Now these sentimental sympathizers with criminals, call themselves Christians, and are not willing to believe that any man can, in a truly Christian spirit, oppose their theories and their influence. They have been able to blind almost every sense in a man except the poetic sense; but to this they appeal in vain. "Poetic justice" maintains its purity. The reader of a novel, no matter how good or how bad he may be, demands that the villain of the book shall be punished as a matter of justice alike to him. and to those who have been his victims. Nothing but justice— nothing but a fitting retribution—will satisfy. The poetic instinct demands a perfect system of rewards and punishments, and is as little satisfied when a hero succeeds indifferently, as when a scoundrel fails to be punished according to his deserts. There is no poetic fitness without justice—retribution, pound for pound, and measure for measure. Set any audience that can be gathered to watching a play in which criminal and crafty art is made to meet and master a guileless spirit and pollute a spotless womanhood, and the sympathies of the vilest will follow the victim, and, in the end, demand the punishment of the victor. Nothing will seem to any audience so entirely out of place as kind and gentle treatment toward the artful brute, and nothing more outrageously unjust than the idea that repentance is the principal end of his punishment. The poetic instinct of fitness once thoroughly roused, as it is in a story, a poem, or a play, will be satisfied with nothing but full suffering for every sin. Now I would trust this poetic instinct of fitness further than I would all the sympathies of the humanitarians, all the sophistries of the philosophers, all the subtleties of the theologians, and all the milder virtues of Christianity itself. To me, it is as authoritative as a direct revelation from God, and is equivalent to it.

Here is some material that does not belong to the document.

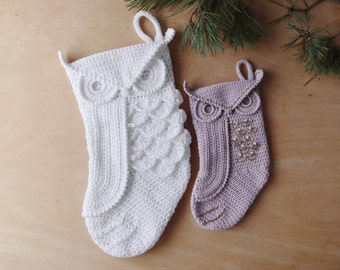 Athena Owl Stocking -  PDF eBook - Irene Strange crochet pattern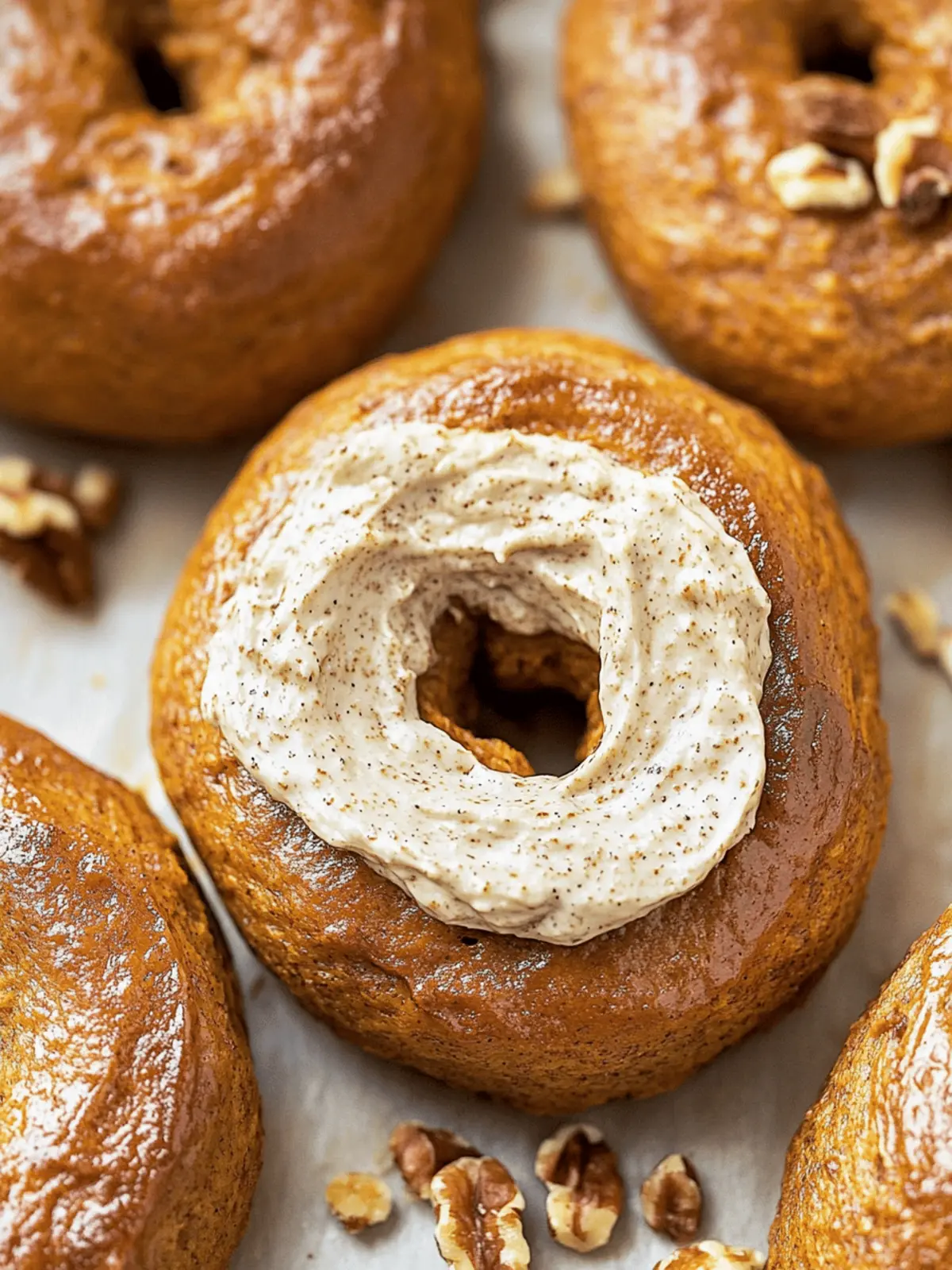 Pumpkin Bagels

Again, nothing is more apparent in American character and American life than a growing lack of reverence. It begins in the family, and runs out through all the relations of society. The parent may be loved, but he is much less revered than in the olden time. Parental authority is cast off early, and age and gray hairs do not command that tender regard and that careful respect that they did in the times of the fathers. In politics, it is the habit to speak in light and disrespectful terms of those whose experience gives them the right to counsel and command. Young men talk flippantly of "fossils," and "old fogies," and wonder why men who have been buried once will not remain quietly in their graves. Of course, when such a spirit as this prevails, there can be no reverence for authority, no respect for place and position, and no genuine and hearty loyalty. We nickname our Presidents; and "old Buck" and "old Abe" are spoken of as familiarly as if they were a pair of old oxen we were in the habit of driving. Every man considers himself good enough for any place, and great enough to judge every other man. If a pastor does not happen to suit a parishioner, the parishioner has no feeling of reverence for him that would hinder him from telling him so to his face. Every man considers himself not only as good and as great as any other man, but a little better and a little greater. No being but God is revered, and He, I fear, not overmuch. What we call "Young America" is made up of about equal parts of irreverence, conceit, and that popular moral quality familiarly known as "brass."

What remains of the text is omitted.